Closed gregorycrane closed 6 years ago
That is odd. I'll investigate what's happened here.
Ahh, it's looks like it's a problem with the passage references in Giuseppe's XML.
For example, line 171 is just given the reference 171
but line 172 is given the ref 1.172
, 173 the ref 1.173
and so on for many more lines. This effectively places all those lines "under" passage 1
.
The fault doesn't ultimately lie in Giuseppe's XML, though. It likely goes back to the underlying TEI and the way Capitains is extracting hierarchy from it.
I could correct this in our database, but the problem would still exist upstream in Giuseppe's repo. Giuseppe could fix it in his XML but the problem would still exist further upstream in the sources he used. Seems we need to sort out the workflow for this (as this specific problem in Soph. Ajax will affect other things and there will be other cases just like this)
Looks like Antigone suffers from a similar issue. It would be great to fix this because otherwise the usefulness of the word tool (and specially newly integrated word list in Scaife) is diminished.
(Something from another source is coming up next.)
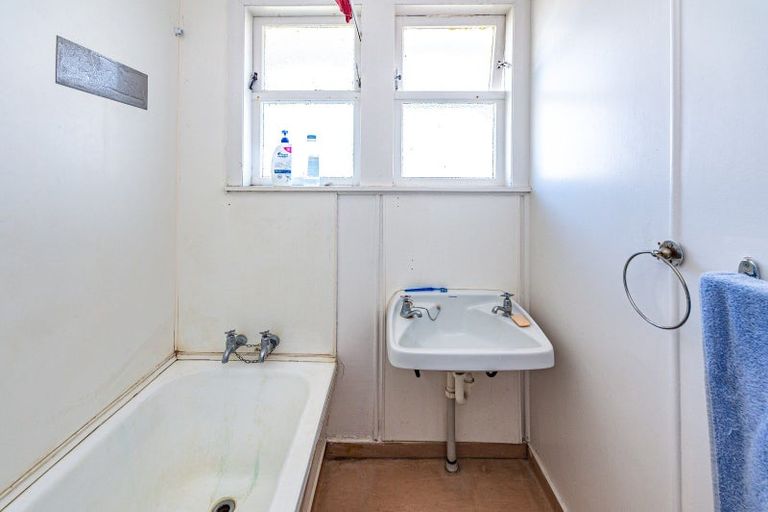 Photo of property in 157 Puriri Street, Castlecliff, Whanganui, 4501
For example:
https://lk353.eu1.eldarioncloud.com/reader/urn:cts:greekLit:tlg0011.tlg002.perseus-grc2:1/
is (correctly) just the first line of Antigone but the Word List on the right is (obviously) for considerably more. The latter is based on
https://gu658.us1.eldarioncloud.com/word-list/urn:cts:greekLit:tlg0011.tlg002.perseus-grc2:1/
which shows 675 tokens for "Antigone 1" because of some issue with Giuseppe's XML (which again, I doubt is Giuseppe's fault but some issue in the citation scheme in the source XML).
@gregorycrane Who should I bring this up with besides Giuseppe? Lisa? Matt?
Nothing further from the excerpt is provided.